A few years after that, in 2006, the “Postal Accountability and Enhancement Act” passed with overwhelming support in both houses, forcing a series of incredible changes, the biggest being a requirement that the U.S.P.S. fully fund 75 years worth of benefits for its employees. The provision cost $5.5 billion per year and was unique among government agencies. “No one prefunds at more than 30%,” said Anthony Vegliante, the service's executive vice president, at the time.

The bill also prevented the post office from offering “nonpostal services” as a way to compete financially. This barred it from establishing a postal banking service, but also nixed creative ideas like Internet cafes, copy services, notaries, even allowing postal workers to offer to wrap Christmas presents. Coupled with the pre-funding benefit mandate and other pension changes, this paralyzed the post office financially, making it look ripe for reform.

By 2012, those took the form of calls for the U.S.P.S. to eliminate 3,700 post offices (a first step toward eventually closing as many as 15,000) and 250 mail processing centers. Sanders, along with other Senators with large rural constituencies like Jon Tester and Claire McCaskill, managed to change the bill and save a lot of the mail processing centers. The Senate that year also cut the amount of required pre-funding for benefits and began refunding the U.S.P.S. for about $11 billion in overpayment for retirement costs.

A few years after that, in 2015, the Post Office Inspector General issued a blistering report about CBRE, the company that had served as sole real estate broker to the U.S.P.S. from 2011 on. The report found that CBRE had been selling and/or leasing post office properties at below-market prices, often to clients of CBRE – a company chaired by Richard Blum, the husband of California Senator Dianne Feinstein. This chronic problem had a financial impact on the Postal Service, and would have become a much bigger problem had the U.S.P.S. been forced earlier on to sell off a massive quantity of infrastructure through that broker, as originally hoped.

The thread running through all of these stories was that panic over the financial condition of the U.S.P.S. was often a significantly artificial narrative, caused by a bipartisan mix of stupidity, greed, and corruption. This high-functioning civil service organization, which provided tremendous value to the public through everything from subsidized news deliveries in the Pony Express years to the well-maintained public meeting places built in remote rural locations, has not had real backers in either party for most of the last thirty or forty years.

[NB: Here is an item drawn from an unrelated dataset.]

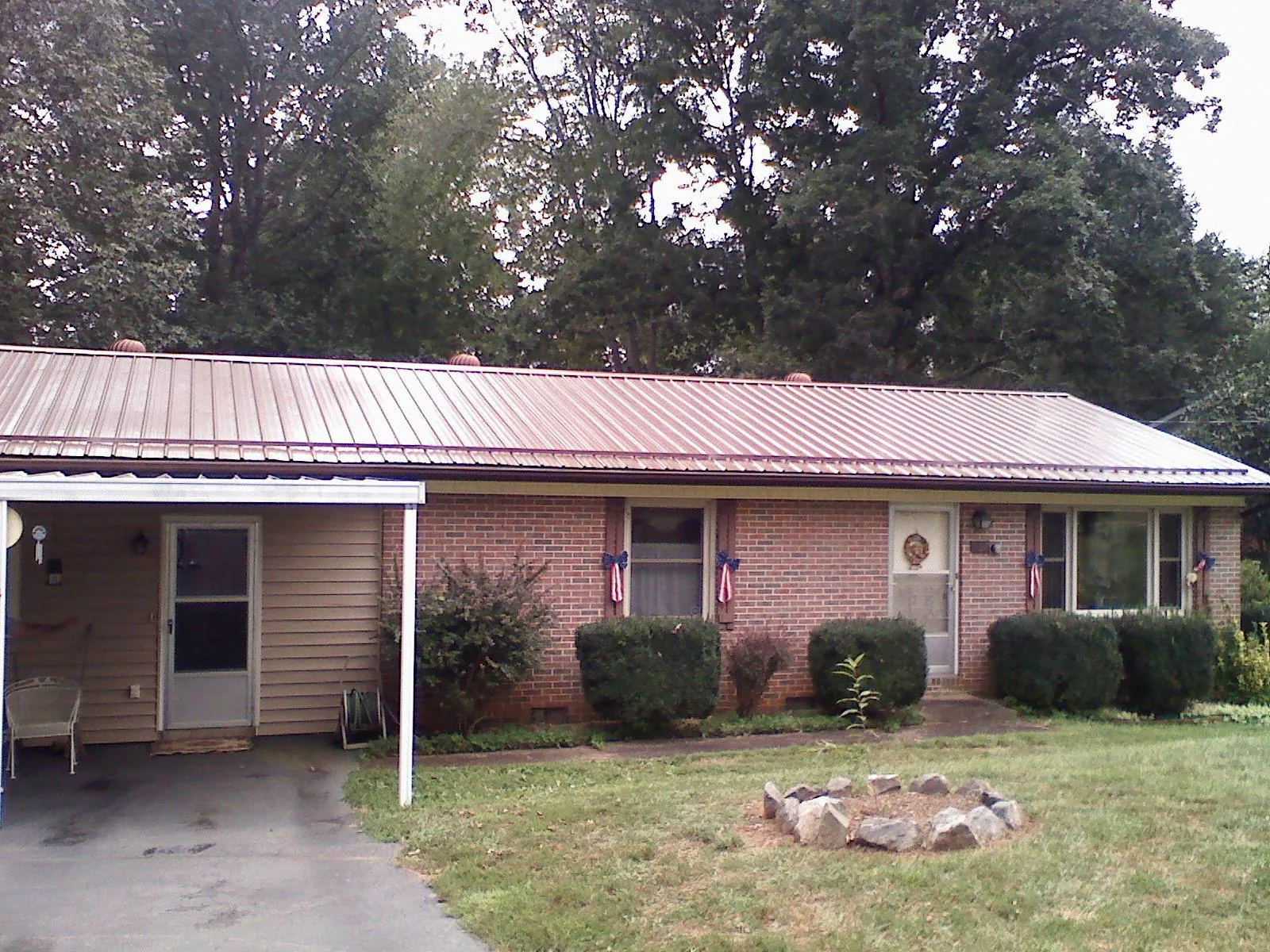 Bronze metal roof and carport on a brick ranch home — Roof Repair work by our crew in Paola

None of this means the Trump-DeJoy story isn’t serious. It just means that Trump is not the first person to try to gut the U.S. Postal Service. Going back decades, it’s been stuck with impossible funding mandates, used as a piggy bank by both parties in congress (which refused to let it stop making massive retirement overpayments for fear of the “adverse” impact on the federal budget), artificially prevented from expanding or innovating by lobbyists, and ripped off by connected contractors.

Combine that with the maddening sloppiness of these panic stories – one wild report after another of mailboxes ripped from the streets “right before our eyes” in a “plan to steal the election” turns out later to be another old photo or a shot of a routine maintenance operation – and it becomes increasingly difficult for nonpartisan news audiences to know what they’re dealing with.

Is this unprecedented corruption, something a little worse than normal, or just the usual undisguised? If press outlets never dial back excesses, we may miss it when we’re actually supposed to panic.